I paused before asking my next question and wondered if I should.
"Bells? What are you going to do now? I mean, since this didn't work out the way we'd hoped."
"I honestly have no idea." She hesitated for a moment before continuing. "I guess it's time for me to quit torturing us all and let him turn me."
Bella looked utterly defeated. I watched her wipe a tear from her cheek, and I couldn't believe this was the same girl that had once reluctantly admitted her excitement about becoming a vampire to me. Her happiness to spend eternity with Edward had broken my heart once, and now her sadness for the same thing was doing it all over again. There was a cruel irony to it all.
"Please don't give up on yourself. Remember how nervous you were to tell me the truth about you and Edward? How scared you were to hurt my feelings once you knew you wanted to be like him?" I asked.
"Sure, I guess," she nodded.
"It was hard for me to accept.
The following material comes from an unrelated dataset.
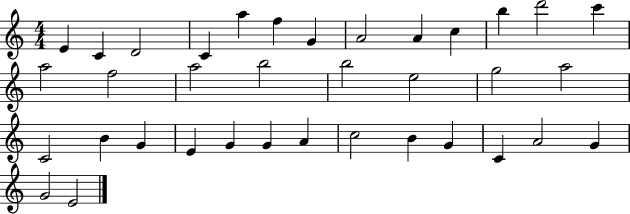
E4/q C4/q D4/h C4/q A5/q F5/q G4/q A4/h A4/q C5/q B5/q D6/h C6/q A5/h F5/h A5/h B5/h B5/h E5/h G5/h A5/h C4/h B4/q G4/q E4/q G4/q G4/q A4/q C5/h B4/q G4/q C4/q A4/h G4/q G4/h E4/h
But you know what made it bearable for me, Bells?"
"What?"
"When I realized how much you wanted it. When I knew it was the only thing that would make you happy. Will it still make you happy, Bella? Really? Because I don't see that excitement in you anymore. I see something else."
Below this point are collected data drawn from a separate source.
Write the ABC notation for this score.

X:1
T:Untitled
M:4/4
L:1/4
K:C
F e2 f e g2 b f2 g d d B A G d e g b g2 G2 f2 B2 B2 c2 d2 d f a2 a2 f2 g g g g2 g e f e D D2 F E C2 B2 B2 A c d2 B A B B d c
I knew in my gut that if she went through with it, she would regret it for the rest of her life. For eternity.
She didn't answer me. I knew I was really pushing the envelope with this line of conversation, but fuck envelopes, fuck walls, and fuck Edward Cullen for drawing the line and then crossing it in the first place.
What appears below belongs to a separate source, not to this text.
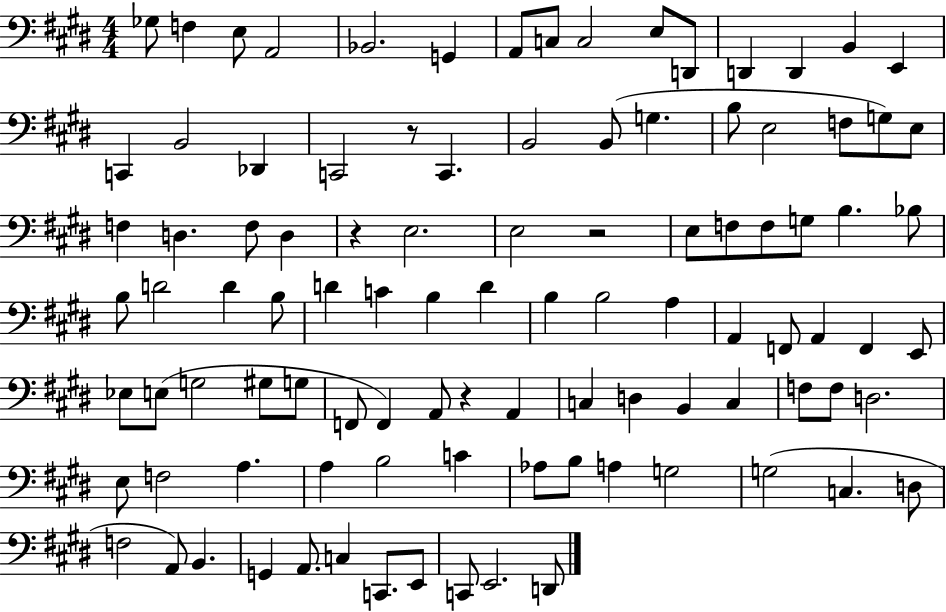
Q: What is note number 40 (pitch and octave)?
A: Bb3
"I promise I'll always support you in anything you want. I mean that, Bells. But please don't go through with this just because you think you're supposed to or because of promises you made back when you were somebody else." I pleaded with her.
And then, because I was apparently no longer in charge of my own damn mouth or car or brain, I said "And if you do decide you want something different or unconventional or absolutely insane, then yeah. All you have to do is ask. I'm in."
Was I? In? I didn't know what the hell was coming over me anymore. In that moment I realized I sounded every bit as nuts as Edwards, and I couldn't help but laugh at the whole situation. We were all crazy. Straight-jacket, card-carrying certifiably insane. And somehow knowing that didn't stop me from wanting to throw everything out the fucking window for her. Again.
"Are you seriously laughing right now?" Bella asked, incredulous.
"I'm sorry, it's just…" I chuckled some more. "I came here furious about Edward being a nutcase, and I just realized I'm just as crazy as he is. They should lock us both up."
She smiled at me. "You're not crazy, Jake. Well, maybe, but I appreciate it. Don't worry, I'd never put you through that."
I couldn't help but notice her objections were all based around me. She wouldn't put me through it. She couldn't believe Edward had asked that of me. Not once had she said "No, I don't want to." Maybe she just didn't want to hurt my feelings, but if I was being crazy, then I might as well lay out her options.
"Just to be clear, Bella, it's fucking nuts, is what it is. But if you…you know…" I choked on the words, unsure of how to continue. "What I'm trying to say is it wouldn't have to mean anything."
Bella stared at me across the car.
"It wouldn't have to mean anything? Do you hear yourself right now? Of course it would mean something. We're not talking about going to see a movie or taking a road trip. This is serious."
"Nothing would have to change. It would just be…I don't know, a really good friend doing a favor." Even I knew that sounded stupid. It was Bella's turn to laugh.
"Is that how you treat all your friends? You ever do any 'favors' for Quil?"
"Come on, it's not the same and you know it."
"You're my best friend, Jake. I love you too much to do this to you. Let's not screw that up, okay?"
This whole conversation was starting to become one giant case of laughing at inappropriate moments.
"Jacob Black, why the hell are you grinning at me like that?" She asked. "None of this is funny."
"I was just thinking, I bet the guy that invented the phrase 'screw it up' didn't mean it so literally."
"Seriously?" She shot me a stern look and punched me in the shoulder, but I detected the smallest trace of a smile, and I knew things would be okay between us.
"Can you take me home? My husband has some serious explaining to do."